By Michael Patrick O’Brien–
As a Catholic living in Utah for most of my life, I have come to appreciate many aspects of the dominant local religion, the Church of Jesus Christ of Latter-day Saints. The Mormons espouse many important values such as charity, honesty, hard work, and volunteer community service. They also place a strong emphasis on the family, recommending gatherings once a week on Monday night called Family Home Evening.
The LDS Church website explains that Family Home Evening is a “time to strengthen family ties…by learning the gospel together, by listening to each other’s feelings, thoughts and ideas, and by enjoying activities together.” The website recommends the evening start and end with prayer and include music, games, a “light and loving” atmosphere, and even service projects such as helping a neighbor in need.
What a great idea! The Catholic Church and Pope Francis also have strongly emphasized the importance of family life. The Pope’s prepared speech text for September 26, 2015 at the Philadelphia World Meeting of Families proclaimed: “We cannot call any society healthy when it does not leave room for family life.” In his improvised speech given the same night, he told how God’s love for humanity was so great that: “He made the highest expression of love – his own son. And where did he send his son – to a palace? To a city? No. he sent him to a family. God sent him amid a family.”

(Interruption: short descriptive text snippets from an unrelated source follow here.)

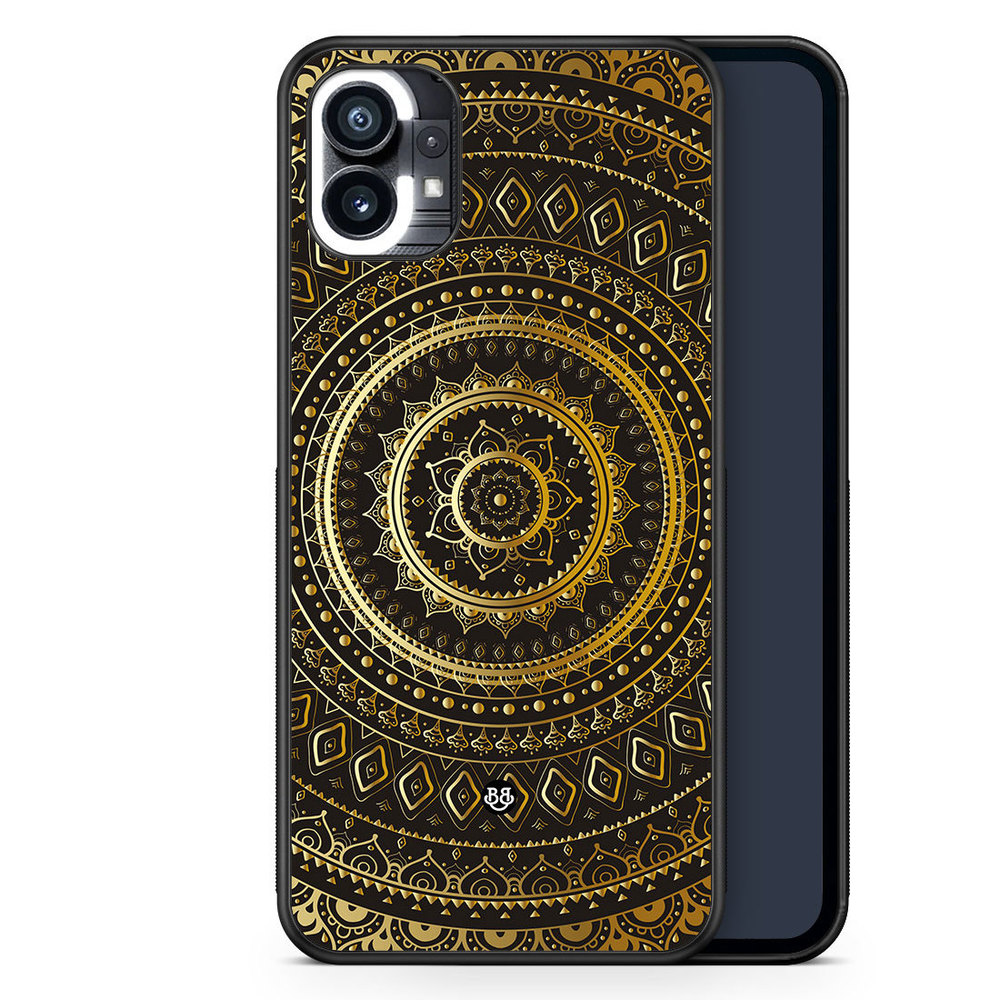 Nothing Phone (1) Case - Gold Mandala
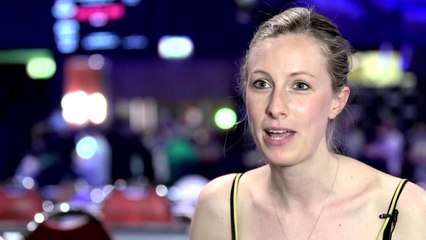 UKIPT Nottingham 2014  Lexi Finnigan from The SUN talks poker..| PokerStars.com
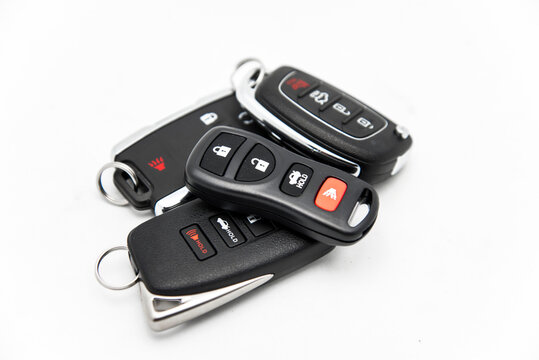 Key fobs without keys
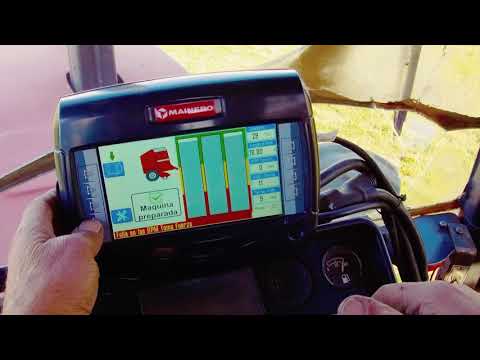 Monitor Mainero MAG-100 para rotoenfardadoras 5877 - 5887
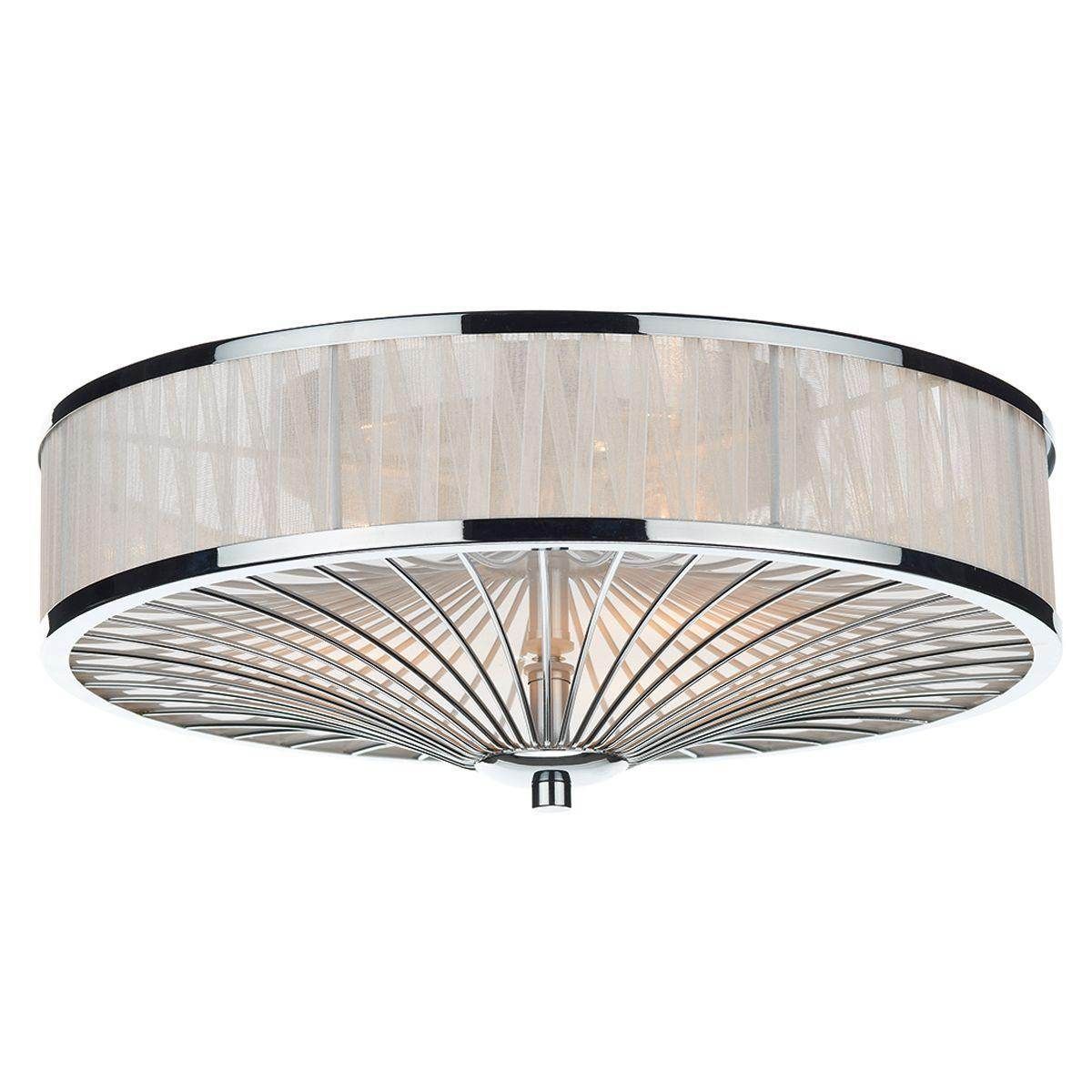 Norway 3 Light Flush Ceiling Light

There are so many obstacles to family time, including school activities, work, cell phones, and various other responsibilities or problems. Yet, the Pope explained in Philadelphia that: “difficulties are overcome with love. Hatred is not capable of dealing with any difficulty and overcoming any difficulty. Division of hearts cannot overcome any difficulty. Only love. Only love is able to overcome. Love is about celebration, love is joy, love is moving forward.” Thus, for love, I believe family time must be planned and scheduled, like any other life event. Having a regular day to plan for, such as a Family Home Evening, is an inspired idea.
I learned this lesson many years ago, fortunately when our children still were young. I decided to start scheduling and blocking out family time as part of my regular calendar, just like I docketed court appearances, client meetings, and business phone calls. Clients asking for meeting time have always been flexible when I told them I was busy (whether for other work or family) at a suggested meeting time. I have never regretted this decision, and neither have my clients or my family. It made me a more engaged lawyer, a happier person, and a better husband and father.
Mike- thanks for posting your thoughts on this. It has been said, “No other success can compensate for failure in the home.” So why not schedule it? It doesn’t demean family time to schedule it. In fact, it puts it on the same level as the many other activities and obligations we have. So often, as busy professionals, we put family time on the “back burner” when it should really be a priority. Thanks again!